问题
I am doing an exercise for a Machine Learning course. I appended to a matrix a dataset of images in form of arrays into datamatrix, then I standardized it and then computed the principal components. Labels is an array containing for each image the label (that was the subdirectory containing it) I need to visualize pairs of principal components, in this part the first two. The suggestion from the professor was to use the matplotli.scatter function, I found the seaborn.scatterplot function that seems better, but with none of the two I managed to put a legend with the labels names onto it.
pca = PCA()
X_t = pca.fit_transform(datamatrix)
X_r = pca.inverse_transform(X_t)
plt.figure(figsize=(25,5))
colours = ['r','g','b','p']
plt.subplot(1, 3, 1)
sns.scatterplot(X_t[:,0], X_t[:,1], hue=labels, palette=colours, legend='full')
plt.title('PC 1 and 2')
I am new to Python and to Machine Learnings libaries
Edit: As suggested I tried modifying the cod:
data = {"x" : X_t[:,0], "y" : X_t[:,1], "label" : labels}
sns.scatterplot(x="x", y="y", hue="label", palette=colours, data=data, legend='full')

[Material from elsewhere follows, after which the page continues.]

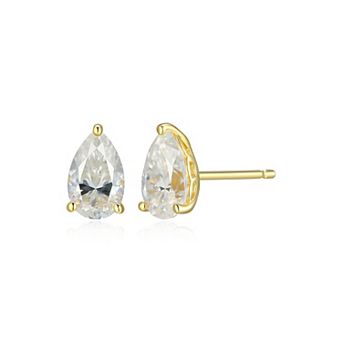 Classic Treasures Sterling Silver 1 3/4 Carat T.W. Lab-Created Pear Moissanite Stud Earrings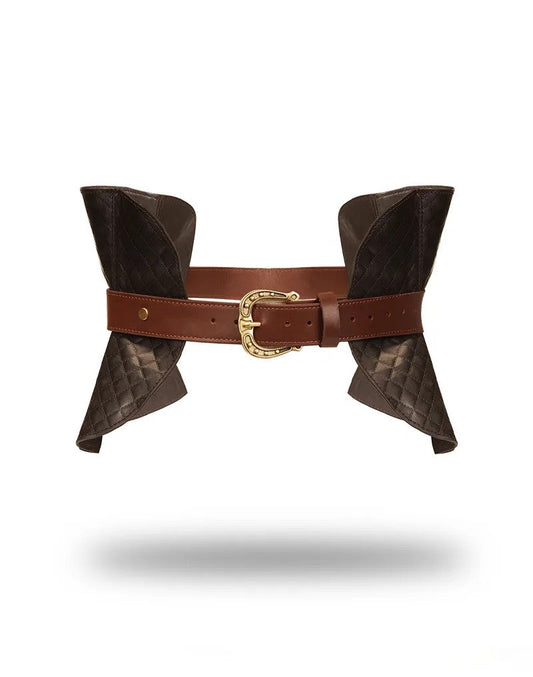 Lederkorsett–Schwarz,Braun&Gold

But I obtain the same result: I have the legend, but without the name of the labels capture
回答1:
Before showing the plot add the legend using:
plt.legend()
回答2:
Seaborn scatterplot will automatically create a legend as shown in the second example from the documentation. It does however require to have the data in a dictionary-like structure, which is common for pandas dataframes.
import numpy as np
import matplotlib.pyplot as plt
import seaborn as sns
data = {"x" : np.random.rand(10),
"y" : np.random.rand(10),
"label" : np.random.choice(["Label 1", "Label 2"], size=10)}
sns.scatterplot(x="x", y="y", hue="label", data=data)
plt.show()
To achieve the same via matplotlib's scatter you would need to create the legend yourself, which is indeed a bit more cumbersome, but may be helpful for understanding.
import numpy as np
import matplotlib.pyplot as plt
data = {"x" : np.random.rand(10),
"y" : np.random.rand(10),
"label" : np.random.choice(["Label 1", "Label 2"], size=10)}
labels, inv = np.unique(data["label"], return_inverse=True)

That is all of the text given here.